Telefonu kapatıp onlara döndüm abi tayfası çatık kaşlarıyla bana bakıyordu.'Hayırdır' anlamında başımı salladım.

Naz Hanım'a dönüp
"Kalacağım yeri gösterebilir misiniz?"

Başını sallayıp yolu gösterdi.Kalacağım yere girince etrafımı inceledim odanın içinde iki kapı vardı.Biri banyodur ama diğerinin ne olduğunu anlamadım.

"Kızım gel benimle" diyip bi kapının önünde durdu.Kapıyı açıp içeri girdik.Burası çocuk odasıydı.Çoğunluk beyaz renk ve pembe renklere hakimdi.Aklıma gelenlerle gözlerim doldu ama hemen toparladım kendimi.
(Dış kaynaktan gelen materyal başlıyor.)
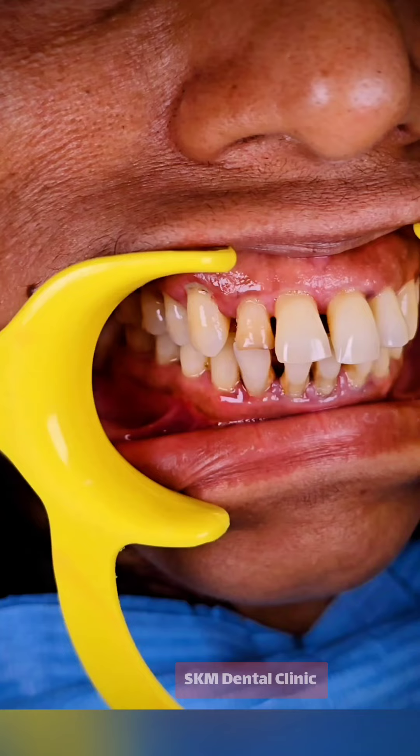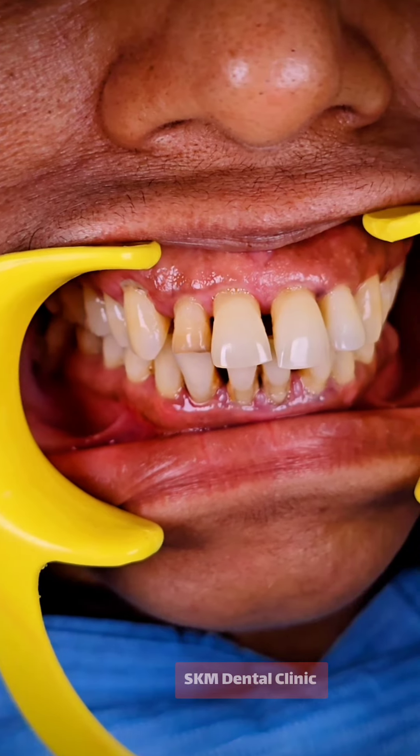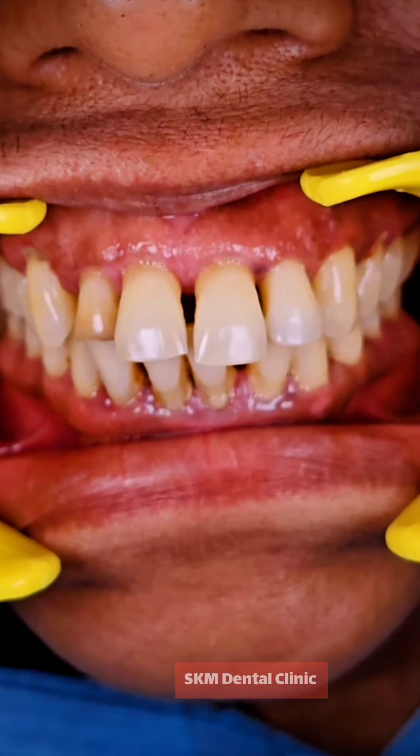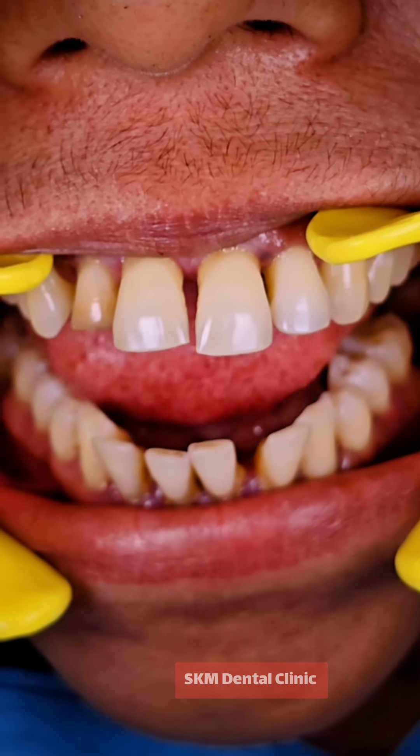If you have a smile, you will be surprised. In this case, the patient has a smile and has a small space.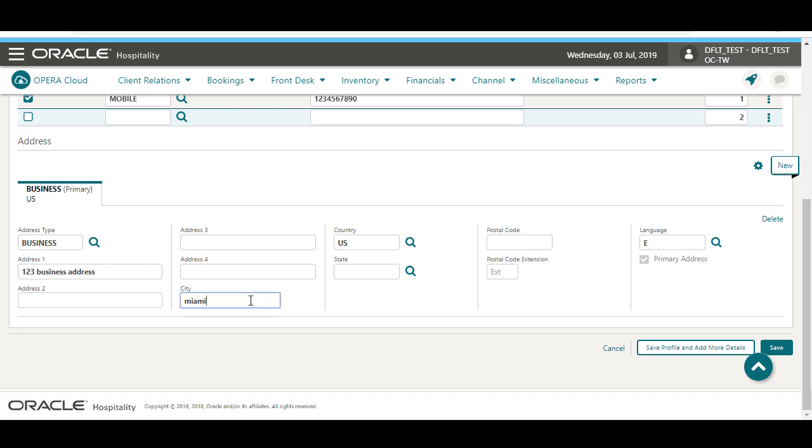Then, I can click Save or Save Profile and add more details. In this example, I click to save the profile and add more details.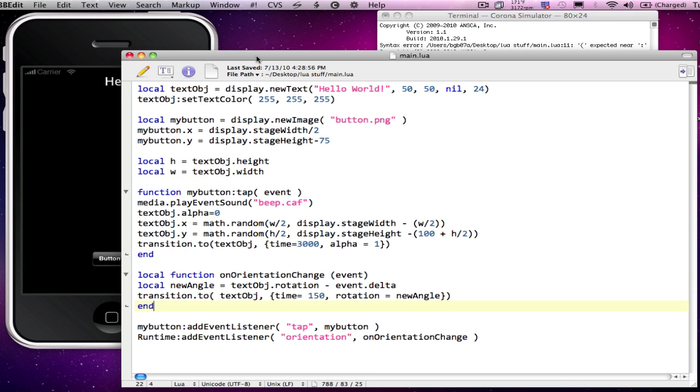So as you can see, it's very easy to add rotation or orientation change to any type of object.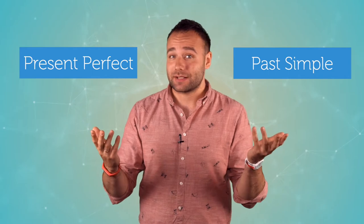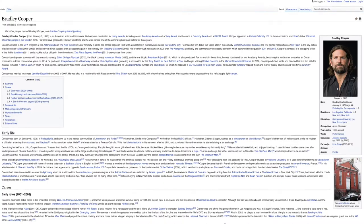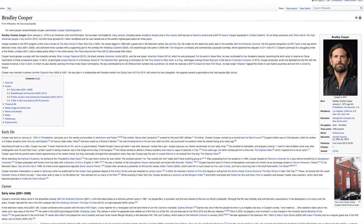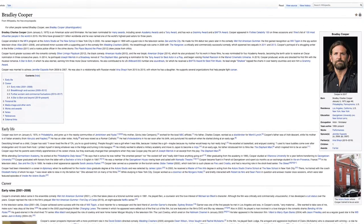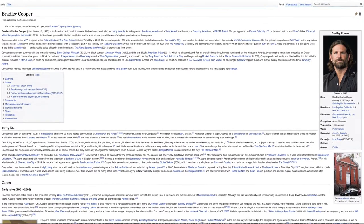Does your student have any difficulties with understanding the present perfect and the past simple tenses? Try celebrity biographies to make these rules clear. Give your students a biography to read and use the guided discovery method — the link is down below.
"Burasını sen doğmadan önce ayarlamıştık.Her şeyi ben seçmiştim.İçerdeki oda babanla benim odam olacaktı.Ama senin öldüğünü öğrenince yapamadık.Hem burası hem orası kaldı."

Anladım dercesine kafamı salladım.Bir süre sonra oradan çıkıp odaya döndük.

"Giyebileceğin kıyafetler var şu dolapta senin için seçip aldım.Rahat olabilirsin.Ben çıkıyorum kızım iyi geceler"

Ben de "iyi geceler" dedim.Odadan çıktıktan sonra kendimi yatağa attım.Bugün fazlasıyla yorulmuştum ruhen.